Trump’s ‘big beautiful bill’ is an unexpected win for California AI watchdogs - CalMatters

Trump’s ‘big beautiful bill’ is an unexpected win for California AI watchdogs – CalMatters

In summary

In the end, both Republicans and Democrats helped doom a 10-year moratorium on state artificial intelligence laws after it cleared the House.

The U.S. Senate voted not to interfere with state artificial intelligence regulations, defeating a 10-year moratorium on such laws that had earlier cleared the House and alarmed California officials.

The 99-1 vote to strip the moratorium from the president’s “big, beautiful” budget bill followed opposition from a handful of Republicans. Dissenting from GOP colleagues, they argued the measure would allow the proliferation of highly realistic, AI-enabled “deepfake” impersonation videos, endanger jobs and infringe on the rights of state governments.

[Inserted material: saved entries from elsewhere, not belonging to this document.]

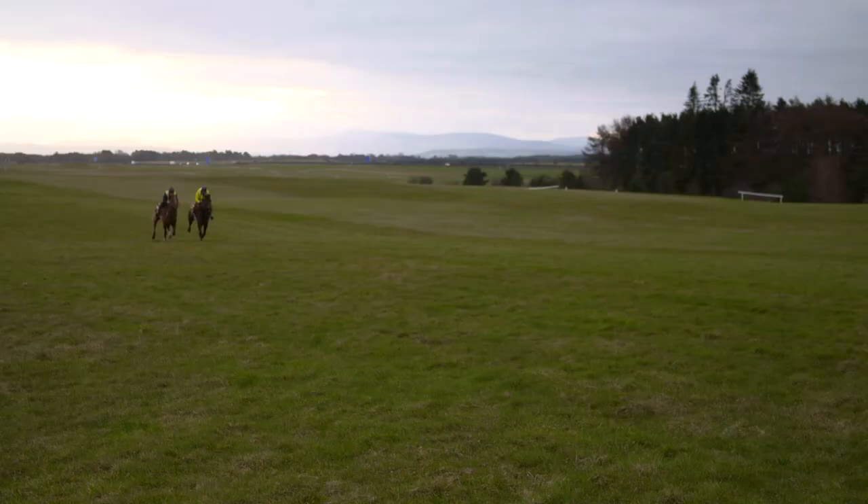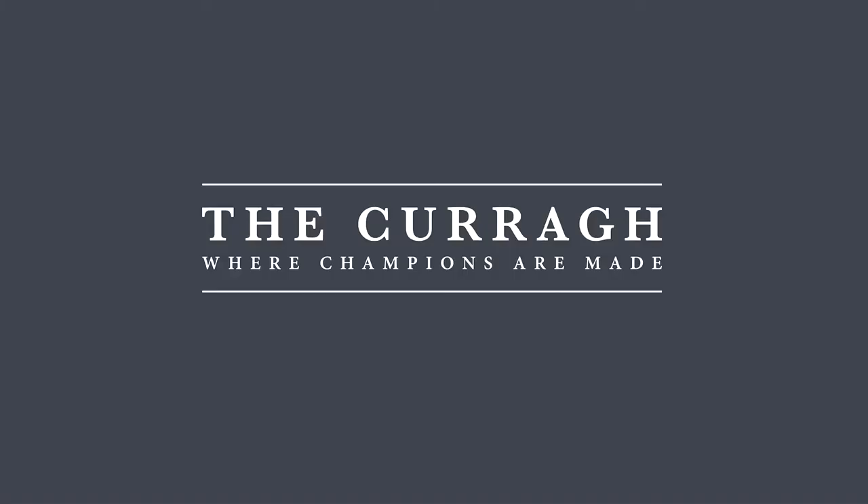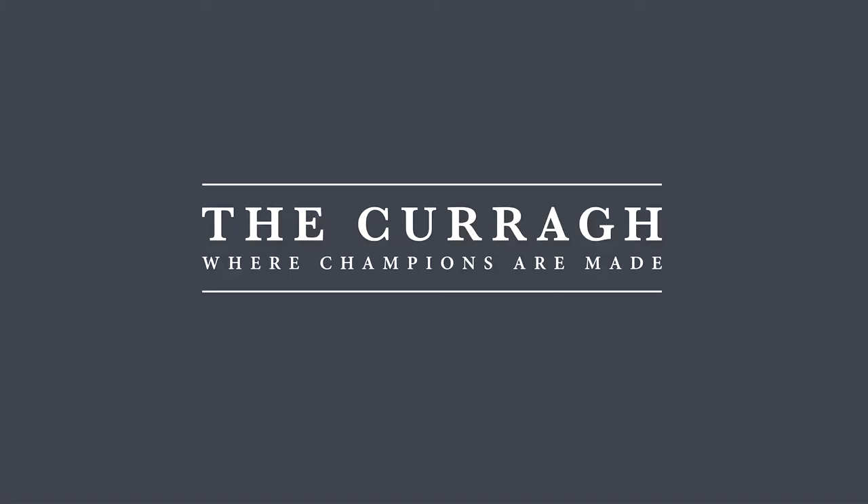You're not coming out worrying what the gallop is going to be like this morning — you know it's going to be right, which is fabulous. But the best part of the Curragh has to be said of the grass gallops. There are miles and miles of them. You saw them this morning, horses working up them — that's the edge and that's the beauty of the Curragh.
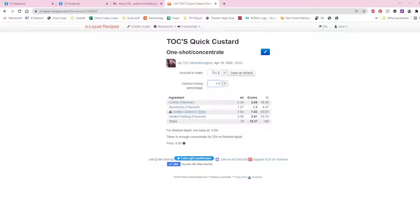You decide how much concentrate you want to make. Since I use this all the time, I'll make a 120ml bottle. It tells me exactly what I need to put in the bottle. Anytime I want to mix it into another recipe, I just take this desired mixing percentage — which is 5.9 percent — and add it as if it were a single flavor concentrate. I can make any kind of custard I want this way.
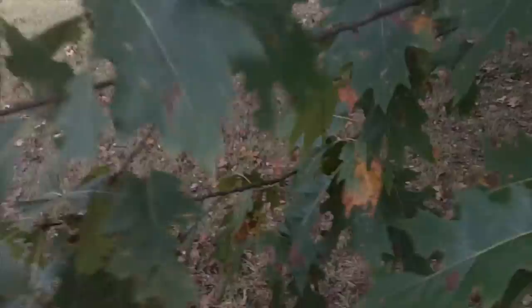Let's go get some acorns. This is an oak tree. They come in all kinds of shapes — some have pointed leaves, some have rounded leaves — but for our purposes, the easiest way to identify the oak tree is the acorn.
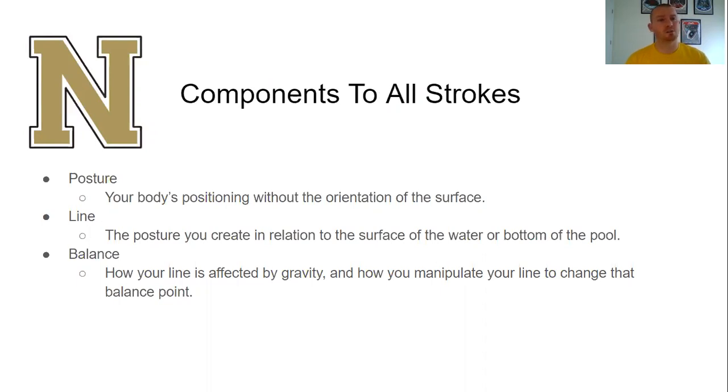The components to all of this are posture, line, and balance. Your posture is your body's positioning without the orientation of the surface of the water. If you stand up really tall, stick your chest out, pull your belly button in, and stand nice and straight — that's your posture. Posture has nothing to do with where you're at in the water; it's just how you orient your skeletal system. When you add the water to that equation, now you're talking about the line you create in relation to the surface of the water.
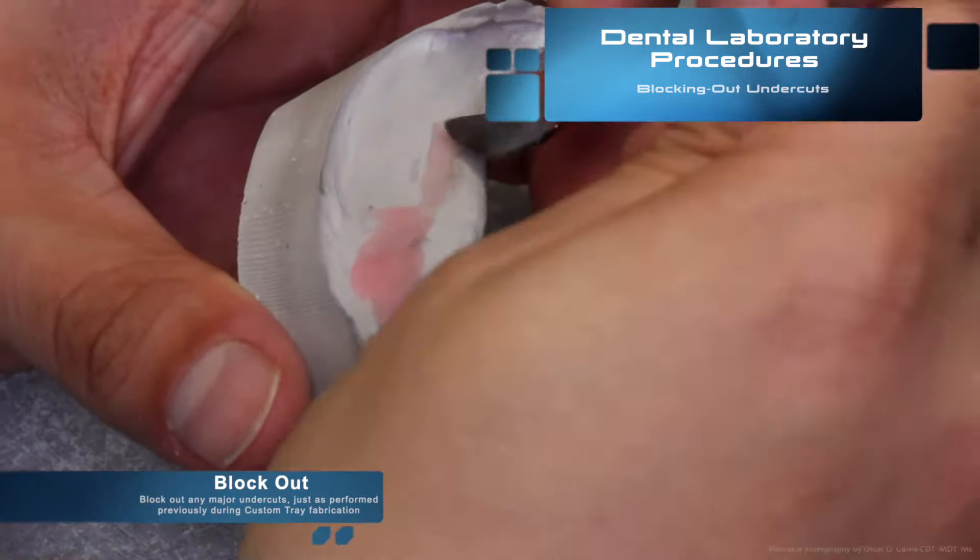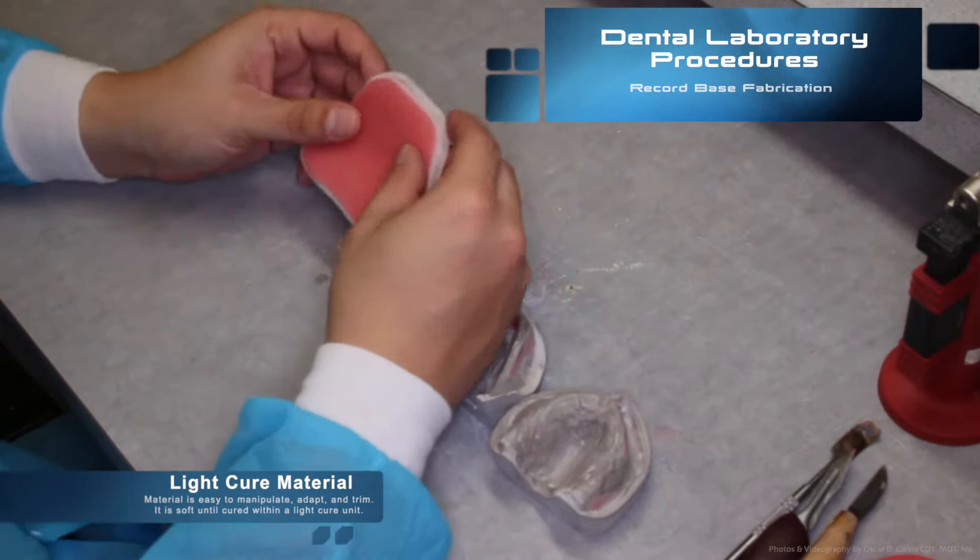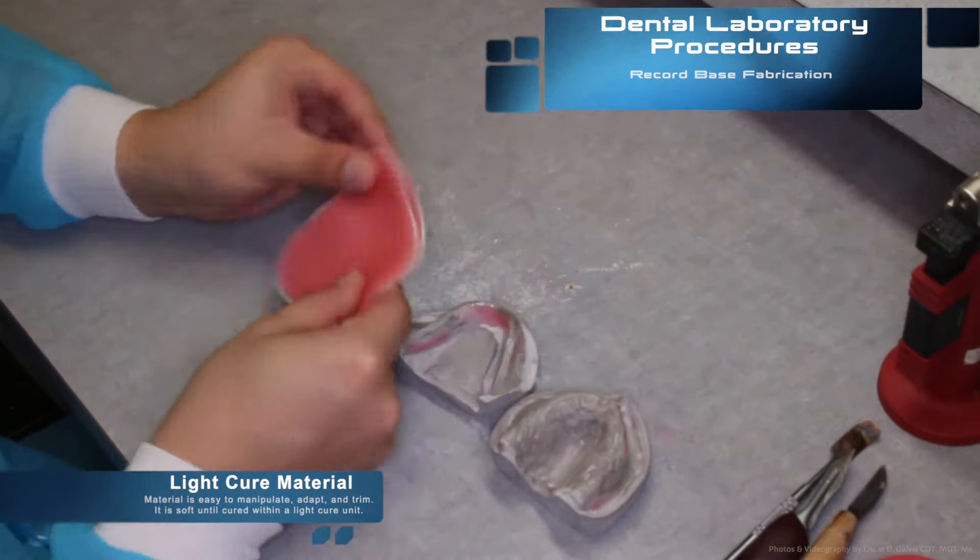Next we begin the record base fabrication itself. We use in this video ligature material. This material is easy to manipulate, adapt, and trim. It is soft until cured within a ligature unit.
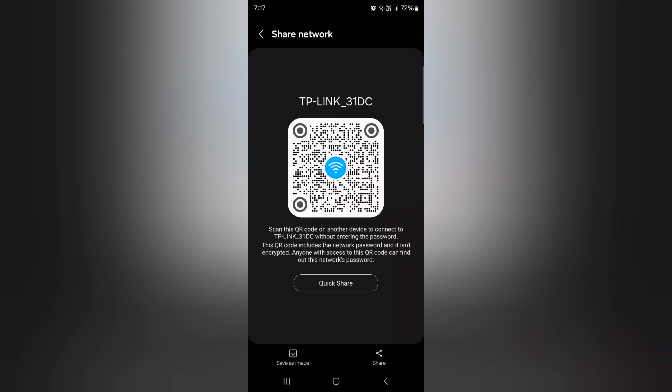Tap on QR code, then unlock your phone. You can now scan this QR code to automatically connect another device to your Wi-Fi network without entering the password.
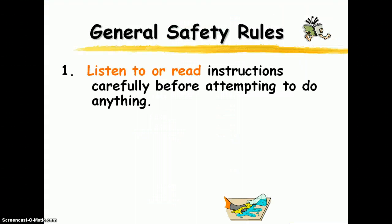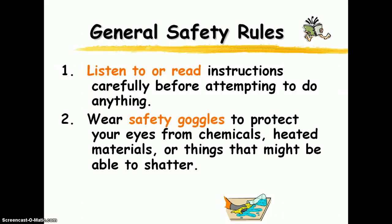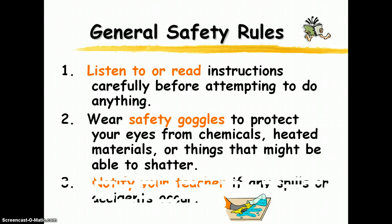Okay, some basic general safety rules. The first one is make sure you listen to or read all the instructions before attempting to do anything. I know there's that tendency to just jump right in — we all have that desire — but make sure that you read the instructions before you get started. Wear your safety goggles. I'm going to say this several times. The safety goggles in my class are really snappy looking — neon colors. Beyond looking cool, you're going to be safe, and you may end up with those little special lines on your face that indicate to everyone you've been in a very excellent science class.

The small rebellion was enough to seal the moratorium’s fate, given Republicans’ slim majority in the Senate and united opposition from Democrats.

“Federalism is preserved and humans are safe for now,” one of the Republican dissenters, Rep. Marjorie Taylor Greene of Georgia, wrote following the vote.

In California, the moratorium would have threatened 20 AI laws on the books and 30 more proposals that are before the Legislature. State officials, including Attorney General Rob Bonta and the executive director of the California Privacy Protection Agency, came out against the measure.

Some 43 states have enacted 131 AI regulations since 2016, according to Stanford researchers.

California state Sen. Josh Becker, a Democrat from Menlo Park who authored an AI disclosure law, said he was encouraged that Congress “came to its senses.”